**What you have to do**
Please go line by line and repeat the data below exactly, with no images.

===== Raw data =====

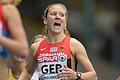 Fabienne Kohlmann läuft bei der Universiade       -  (am)    24 Jahre nach der Teilnahme von Zehnkämpfer Stefan Schmid (4.  Platz) in Sheffield ist sein Verein wieder bei der Universiade vertreten. Mit Fabienne Kohlmann startet wieder eine Athletin der LG Karlstadt-Gambach-Lohr bei der zweitgrößten Multisportveranstaltung nach den Olympischen Spielen. Bei der 28. Sommer-Universiade im südkoreanischen Gwangju ist die Studentin der Psychologie Teil eines 120 Teilnehmer starken deutschen Teams. Los geht es für die Gambacherin am Mittwoch mit dem Vorlauf über 800 Meter. In der Startliste stehen insgesamt 32  Teilnehmerinnen, von denen sich zunächst die 16 schnellsten für die Zwischenläufe am Donnerstag qualifizieren. Sollte Kohlmann auch diese Runde überstehen, kommt es am Freitag zum angestrebten Endlauf. Dazu stehen die Chancen ganz gut, denn in der Meldeliste steht Kohlmann mit ihrer diesjährigen Zeit (2:01,27 Minuten) an vierter Stelle. Prominenteste Gegnerin ist die Weltmeisterin von 2009, die Südafrikanerin Caster Semenya. Eurosport überträgt an allen drei Wettkampftagen live, die Zeiten für 800 Meter sind: Mittwoch 10.45  Uhr; Donnerstag 11.10  Uhr und Freitag 12.10  Uhr.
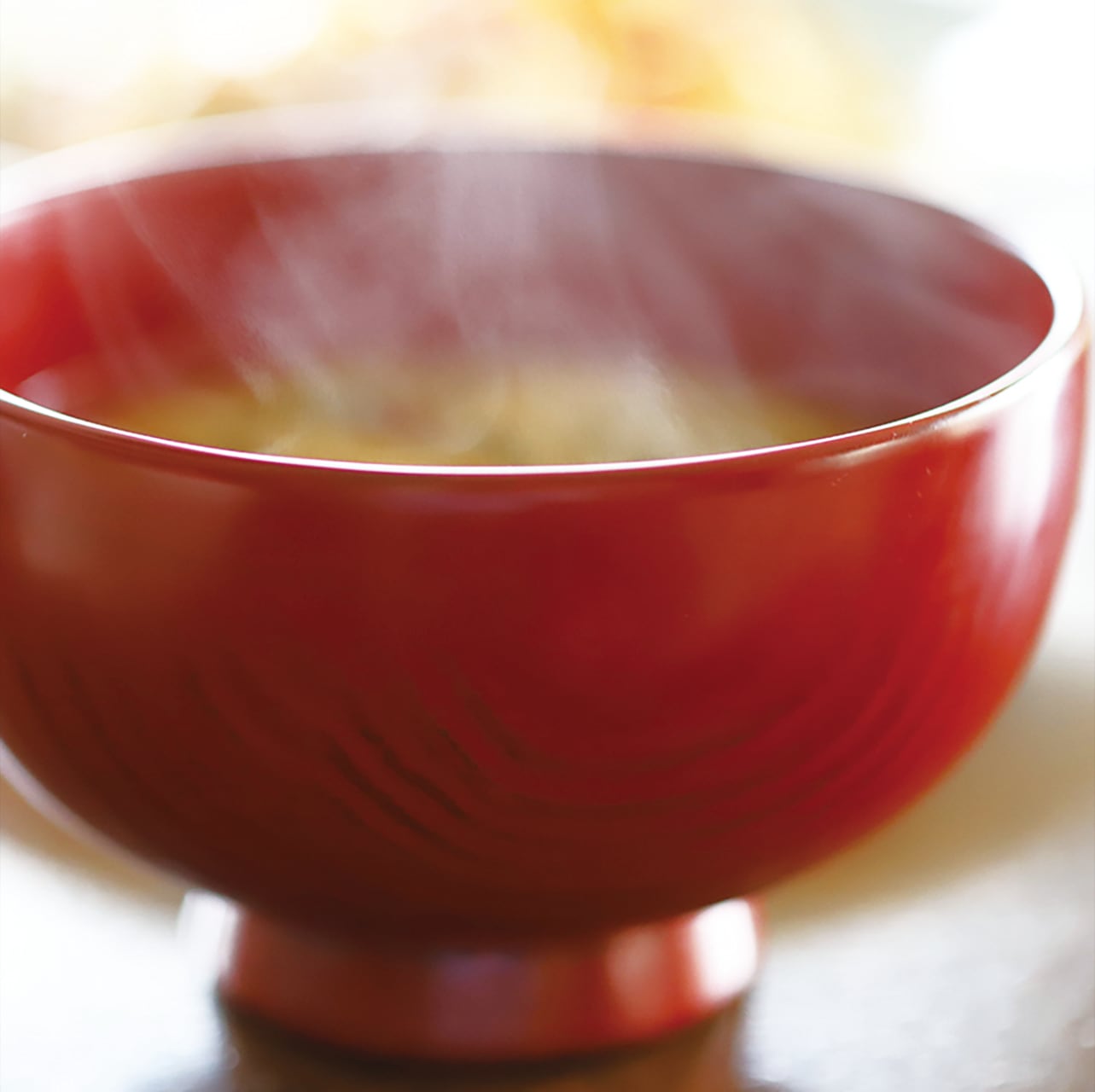 お味噌汁がたっぷり入るサイズ。漆の質感と自然な木目の味わいもある 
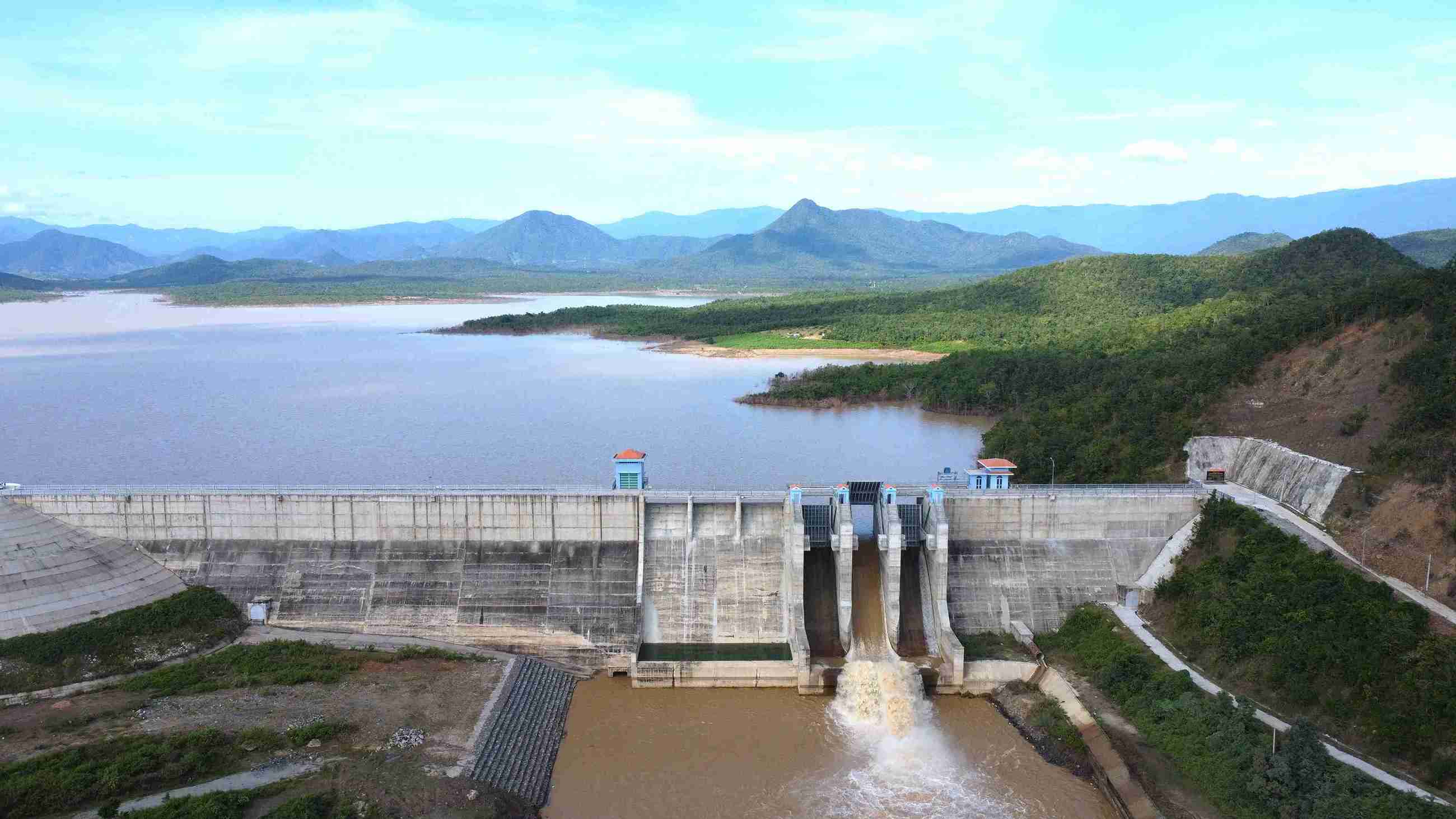 Functional agencies are appraising the outline and conducting surprise safety inspections of Song Than dam after seepage and cracks appear. Photo: Huynh Hai
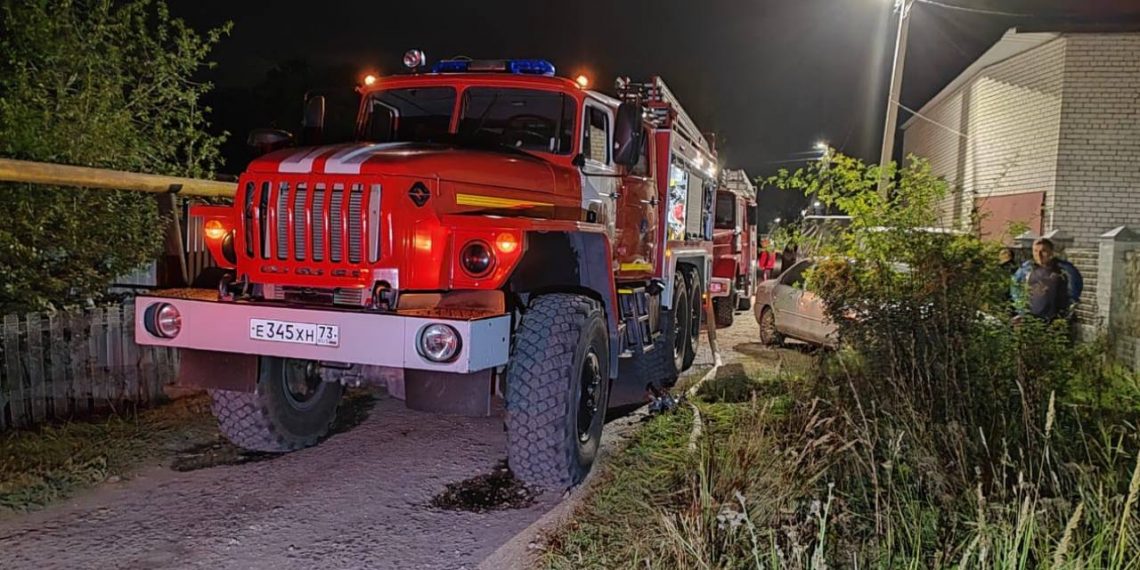 Двое мужчин сгорели в нежилом доме в посёлке Меловом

=====

**Response area**
 Fabienne Kohlmann läuft bei der Universiade       -  (am)    24 Jahre nach der Teilnahme von Zehnkämpfer Stefan Schmid (4.  Platz) in Sheffield ist sein Verein wieder bei der Universiade vertreten. Mit Fabienne Kohlmann startet wieder eine Athletin der LG Karlstadt-Gambach-Lohr bei der zweitgrößten Multisportveranstaltung nach den Olympischen Spielen. Bei der 28. Sommer-Universiade im südkoreanischen Gwangju ist die Studentin der Psychologie Teil eines 120 Teilnehmer starken deutschen Teams. Los geht es für die Gambacherin am Mittwoch mit dem Vorlauf über 800 Meter. In der Startliste stehen insgesamt 32  Teilnehmerinnen, von denen sich zunächst die 16 schnellsten für die Zwischenläufe am Donnerstag qualifizieren. Sollte Kohlmann auch diese Runde überstehen, kommt es am Freitag zum angestrebten Endlauf. Dazu stehen die Chancen ganz gut, denn in der Meldeliste steht Kohlmann mit ihrer diesjährigen Zeit (2:01,27 Minuten) an vierter Stelle. Prominenteste Gegnerin ist die Weltmeisterin von 2009, die Südafrikanerin Caster Semenya. Eurosport überträgt an allen drei Wettkampftagen live, die Zeiten für 800 Meter sind: Mittwoch 10.45  Uhr; Donnerstag 11.10  Uhr und Freitag 12.10  Uhr.
 お味噌汁がたっぷり入るサイズ。漆の質感と自然な木目の味わいもある 
 Functional agencies are appraising the outline and conducting surprise safety inspections of Song Than dam after seepage and cracks appear. Photo: Huynh Hai
 Двое мужчин сгорели в нежилом доме в посёлке Меловом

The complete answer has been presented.